Les vieillards supportent très bien l’abstinence; les personnes dans l’âge mûr, moins bien; les jeunes gens très mal; les enfants moins que tous les autres, surtout ceux d’entre eux qui sont très vifs.

14

Dans l’âge de croissance, on a beaucoup de chaleur innée; il faut donc une nourriture abondante; autrement le corps se consume; chez les vieillards, au contraire, il y a peu de chaleur innée, voilà pourquoi ils n’ont besoin que de peu de combustible (d’aliments), car une trop grande quantité l’éteindrait; c’est aussi pour cela que les fièvres ne sont pas aussi aiguës chez les vieillards [que chez les jeunes gens], car leur corps est froid.

15

En hiver et au printemps les cavités sont naturellement chaudes, et le sommeil est prolongé; il faut donc pendant ces deux saisons, donner une nourriture plus abondante; les enfants et les athlètes en sont la preuve.

16

Le régime humide convient à tous les fébricitants, mais surtout aux enfants et à ceux qui sont habitués à user d’un semblable régime.

17

[Il faut savoir quels sont ceux] à qui [il convient] de donner des aliments en une seule ou en deux fois, en plus ou moins grande quantité et par fractions.
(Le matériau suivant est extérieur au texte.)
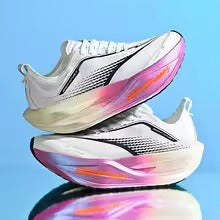 Tênis SpeedCore Max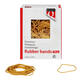 Elastiek Quantore 16 60x1.5x1mm 500gram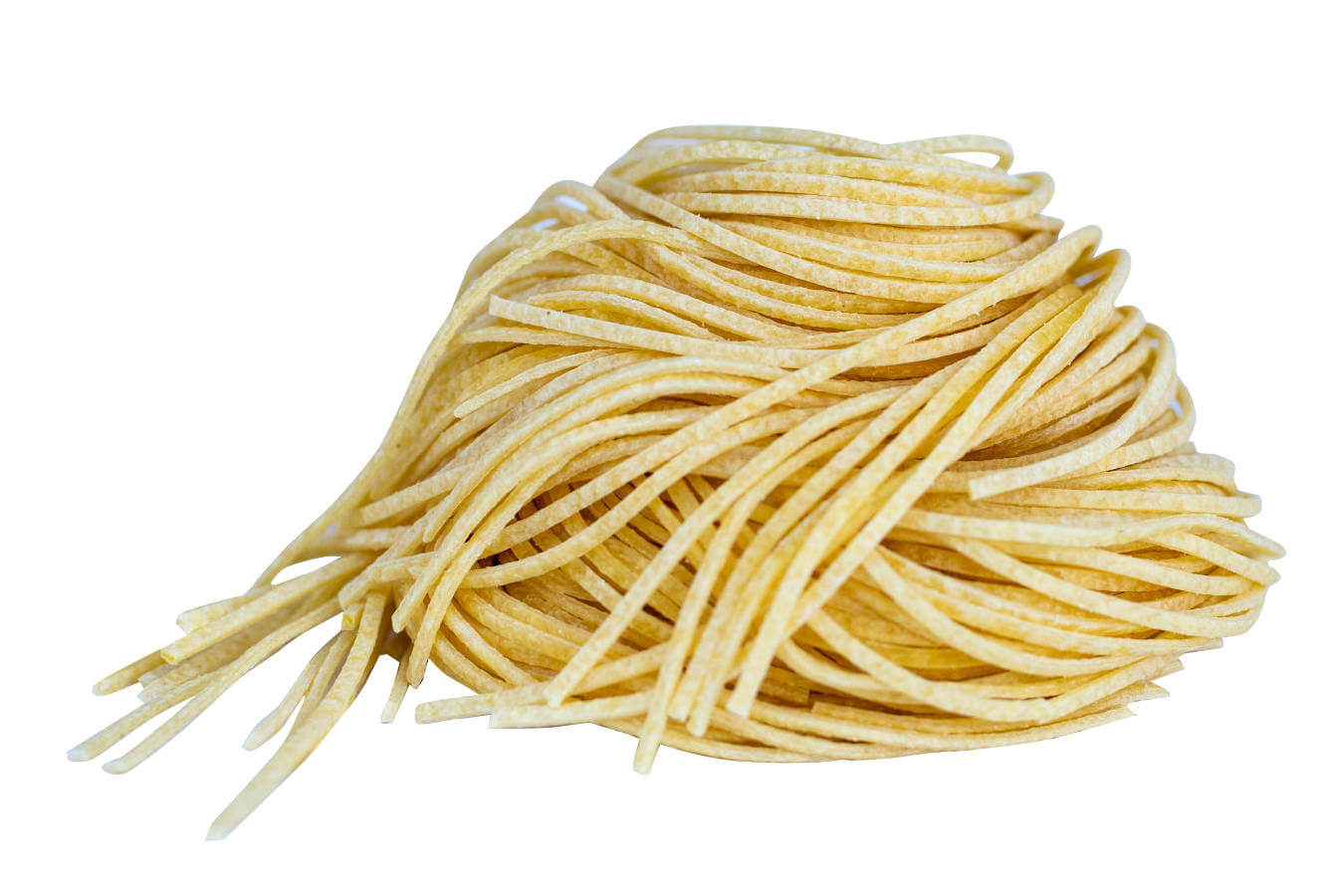 Pasta di Celiano pappardelle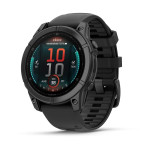Fenix E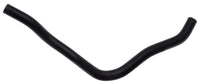 Gates 04-06 Pontiac GTO Small ID Molded Heater Hose - 19477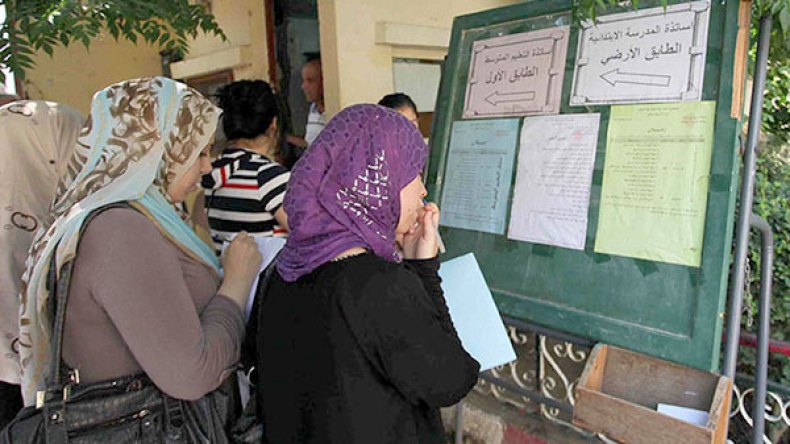 “التكليفات” في منصب مدير مدرسة بدل التعيينات لتفادي الإضرابات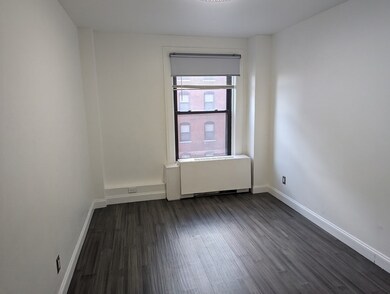 Kimball Towers unit 601, Springfield, MA 01103 - photo 4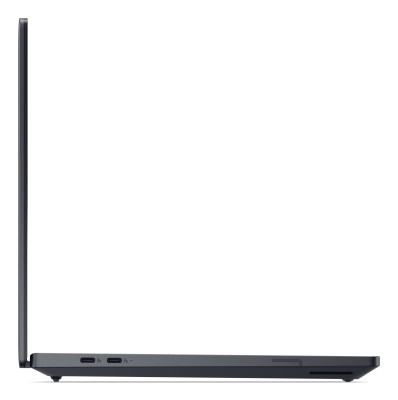 Dell Pro Max 14 Premium MA14250, 14" Full HD+ VA matt, Intel Core Ultra 7 265H, 32 GB, 1 TB PCIe SSD, RTX PRO 2000, WiFi 7, bakbelyst tangentbord, Win11 Pro, 3 års på-platsen-garanti#5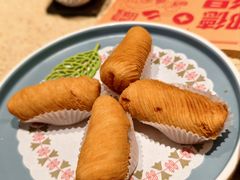 -点都德(长泰广场店)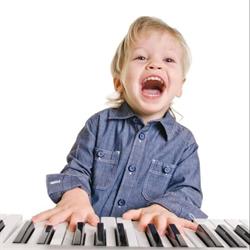 Szkoła Muzyczna ArtMusica, Rzeszów godziny otwarcia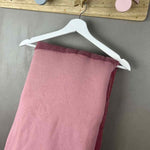 Coperta Limited Edition in Ciniglia Pierre Cardin 75x90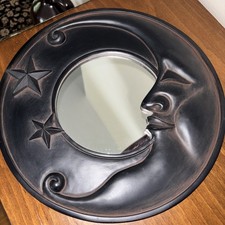 Vintage celestial moon for sale  Shelton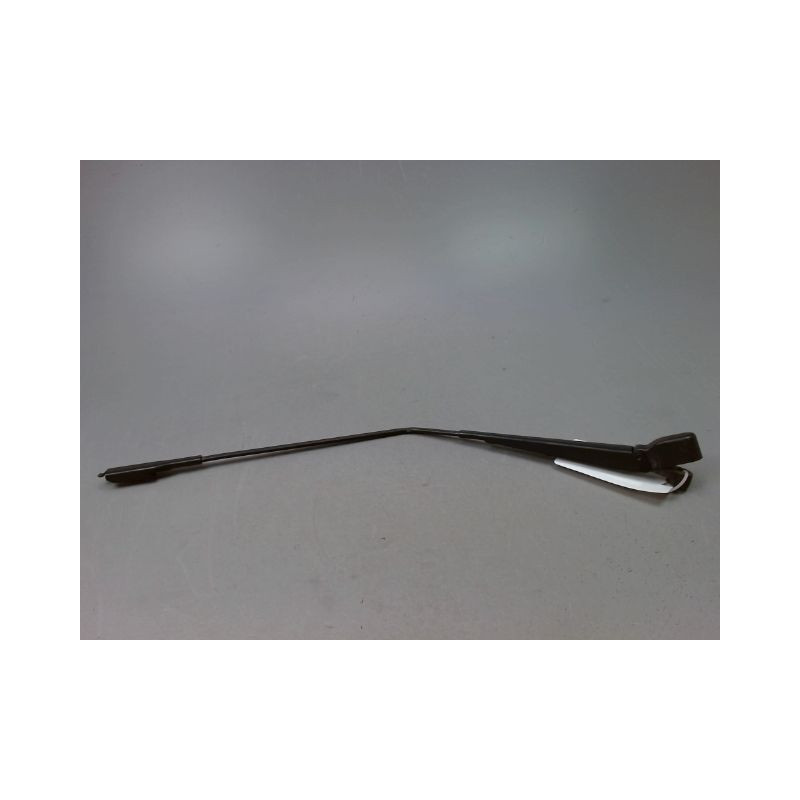 BRAS ESSUIE-GLACE ARRIERE OPEL INSIGNIA Phase 1 2009-2013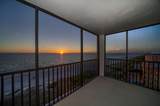 900 Gulf Boulevard - Photo 2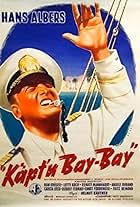 Käpt'n Bay-Bay (1953)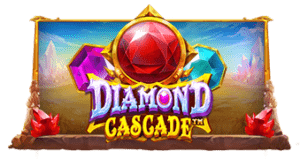 Diamond Cascade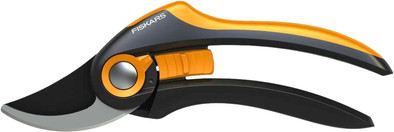 Fiskars SmartFit Bypass is nooit meer leverbaar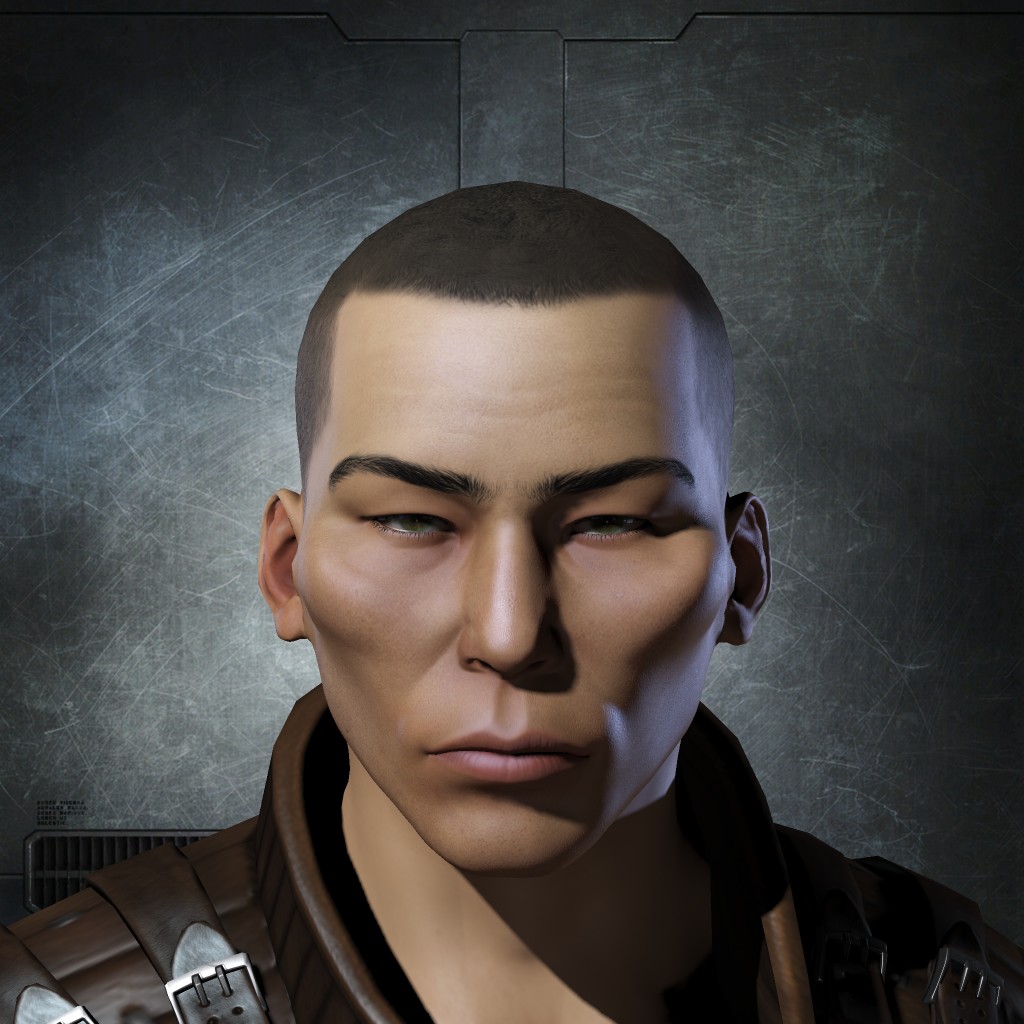 Odhoko Malukker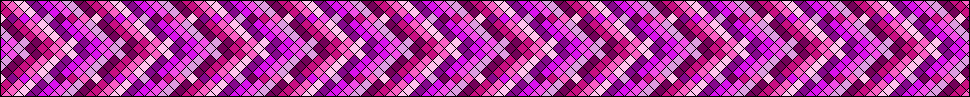 Normal pattern #25049 variation #442415 preview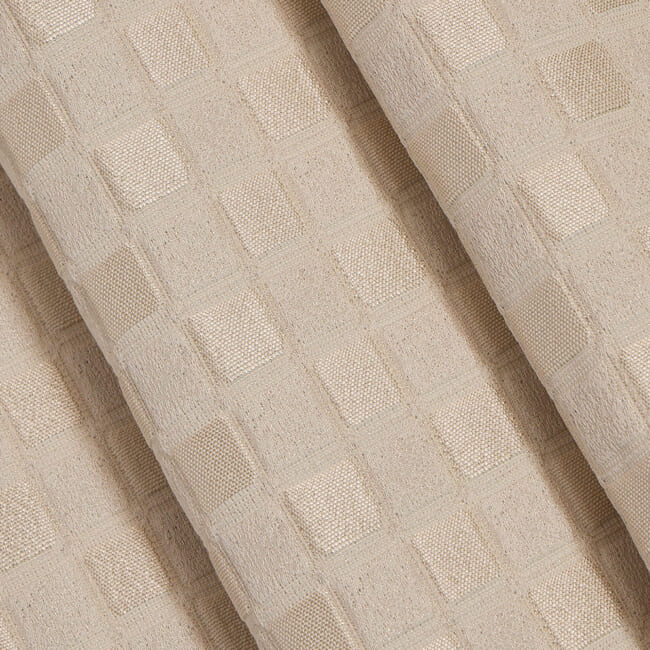 The STOCKHOLM アルマーニカーザ ストックフォルム ジャカード クッション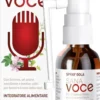 Sana Voce Spray Gola 30 ml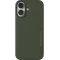 Nudient Thin Precise Back Cover Hülle mit MagSafe für Apple iPhone 17 - Pine Green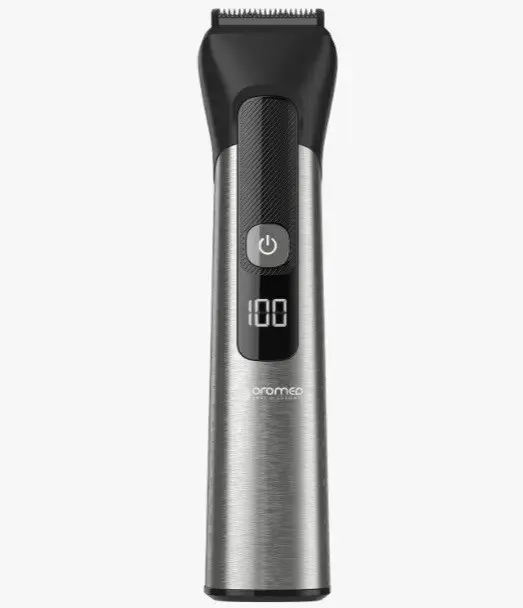 Триммер ORO‑MED ORO‑TRIMMER ALL IN ONE Photo 2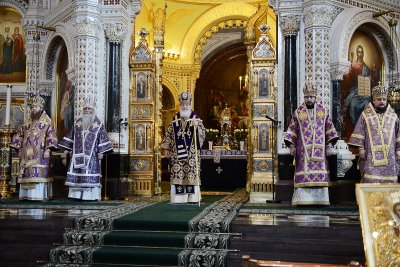 фото patriarchia.ru фото patriarchia.ru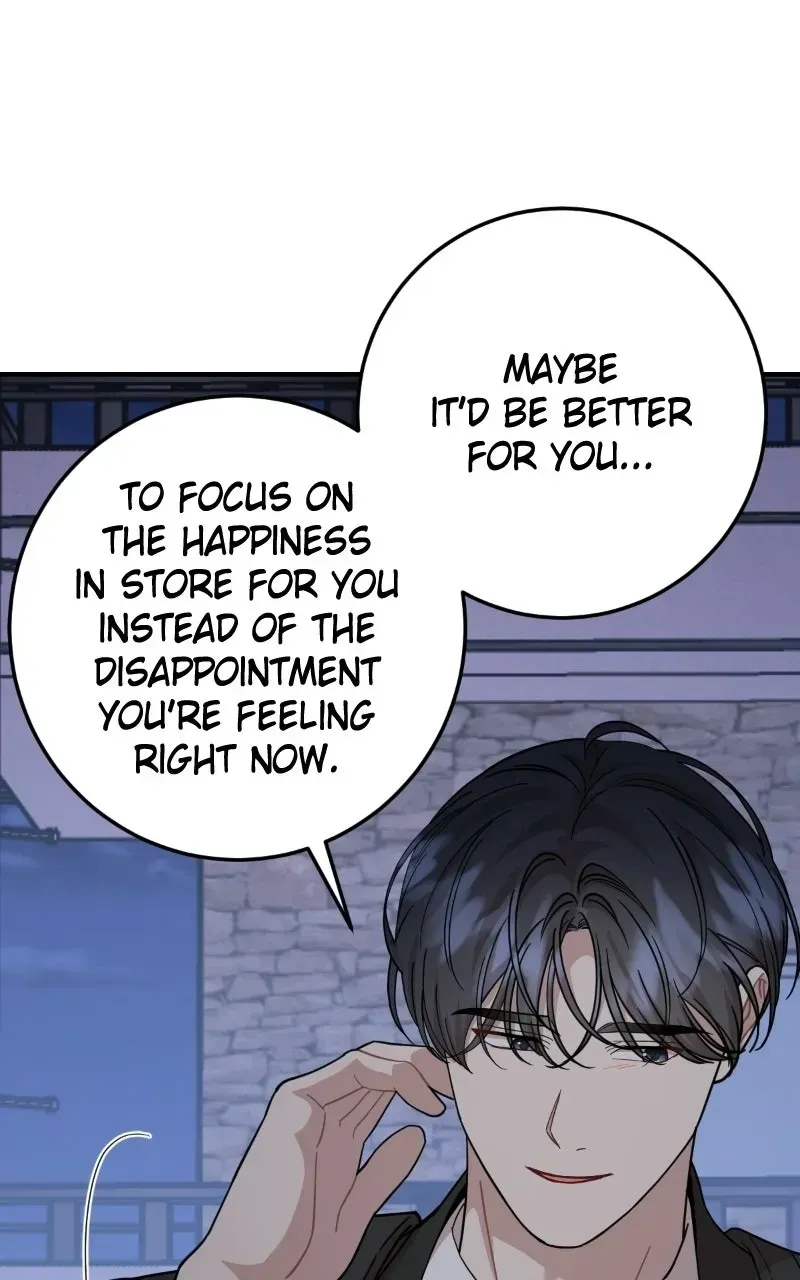 Possible to Date a Ranker? chapter 55 page 69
On doit avoir quelque égard pour les habitudes, la saison, le pays et l’âge.

18

En été et en automne, les aliments sont très difficilement supportés, en hiver très facilement; vient ensuite l’été.

19

Ceux dont les paroxysmes arrivent au milieu de périodes, il ne faut point leur donner d’aliments, ni les forcer à en prendre [au moment du paroxysme], mais leur retirer ceux qu’on leur a permis en attendant la crise (le paroxysme).

20

Les matières qui doivent être évacuées, poussez-les là où elles se portent le plus, [si toutefois] elles suivent une voie convenable.

21

Les matières qui doivent être évacuées, poussez-les là où elles se portent le plus, [si toutefois] elles suivent une voie convenable.

22

Purgez, mettez en mouvement les matières cuites, mais non celles qui sont crues; [ne purgez pas] non plus au début des maladies, à moins qu’il n’y ait orgasme; mais le plus souvent il n’y a pas orgasme.

23

N’appréciez pas les matières évacuées sur leur quantité; mais considérez si celles qui doivent être évacuées [l’ont été] et si le malade supporte facilement [ces évacuations]. Lorsqu’il faut les pousser jusqu’à lipothymie, faites-le, si les forces du malade y suffisent.

24

Dans les maladies aiguës, il faut rarement purger au début, et ne le faire [si cela est nécessaire] qu’après avoir bien jugé de toutes les circonstances.

24

Si les matières qui doivent être purgées sont purgées, c’est avantageux, et les malades le supportent bien, sinon c’est le contraire.